> [To do]:
Transcribe the data below exactly, but only from the line containing "ANTRIN 56.5688-6561 ΜΠΛΕ" through its final line, both included.

> [Exercise data]:
----------
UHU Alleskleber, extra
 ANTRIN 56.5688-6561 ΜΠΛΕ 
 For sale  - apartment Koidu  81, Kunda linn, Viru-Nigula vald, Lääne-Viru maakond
----------
> [Completed exercise]:
 ANTRIN 56.5688-6561 ΜΠΛΕ 
 For sale  - apartment Koidu  81, Kunda linn, Viru-Nigula vald, Lääne-Viru maakond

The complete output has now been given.